He flew into a drunken rage after she refused to meet him and screamed down the phone, threatening to drive into her house, the High Court in Stirling heard.
Wellington rang Ms Cassidy multiple times begging her to see him, shouting, swearing and calling her obscene names, according to prosecutor Lisa Gillespie.
Ms Cassidy said he was not allowed to visit under any circumstances because the children were at home but agreed to meet him on a street nearby when he said he was coming round anyway.
She spotted him in his truck at around 11pm and ran back to her house, terrified, where she heard a loud banging noise and windows smashing.

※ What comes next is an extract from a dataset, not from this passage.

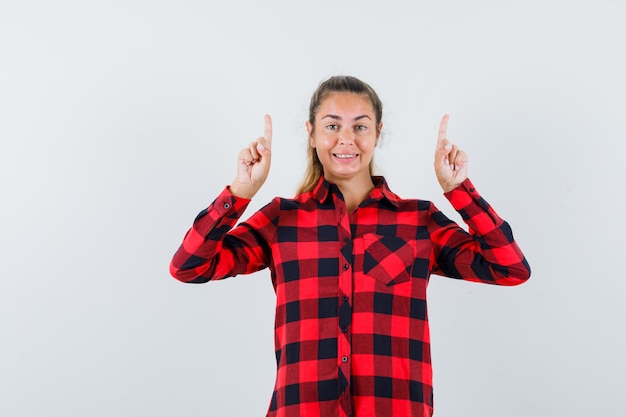 Young lady pointing up in checked shirt and looking happy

Wellington repeatedly reversed his truck into her living room, causing £425,000 worth of damage, and then threatened to return to finish the job.
Ms Cassidy broke down in hysterics when she saw her home completely ‘caved in’ and a pile of rubble as its remains.
An Eddie Stobart lorry was later found in a supermarket car park and cordoned off by police
The neighbouring house was also completely destroyed and a total of seven properties had to be evacuated.
Miss Cassidy’s two children, 14 and 11, and a friend who were inside at the time escaped unhurt.
Neighbour Allan Reddick, 37, helped rescue the children seconds before the house collapsed, using a ladder to help them out through an upstairs window.
He said they were ‘really shaken up’.
The truck was left abandoned in a supermarket car park the next day with Wellington’s wallet still inside and he was later arrested.
Wellington appeared by video link for his court sentence and pleaded guilty to the charges, which included culpable and reckless endangerment of lives, earlier this month.
He also pleaded guilty to assaulting Miss Cassidy in the Edinburgh incident, breaching bail, assaulting a police officer by spitting, and statutory breach of peace.
Solicitor-advocate Iain Paterson, defending, said Wellington was ‘remorseful’ and had genuinely believed that there was no-one in the house at the time.
He added: ‘If he could turn back the clock he would’ as Ms Cassidy sat emotionless on the benches during the hearing.
He said Wellington had been an HGV driver ‘for a decade or so’ and the incident might mean he could never return to the profession.
Judge Lord Armstrong said his actions meant Ms Cassidy lost the home she had lived in for five years and its £25,000 contents.
Clyde Valley Housing Association ended up with a bill totalling £475,000 due to damage and loss of rental income.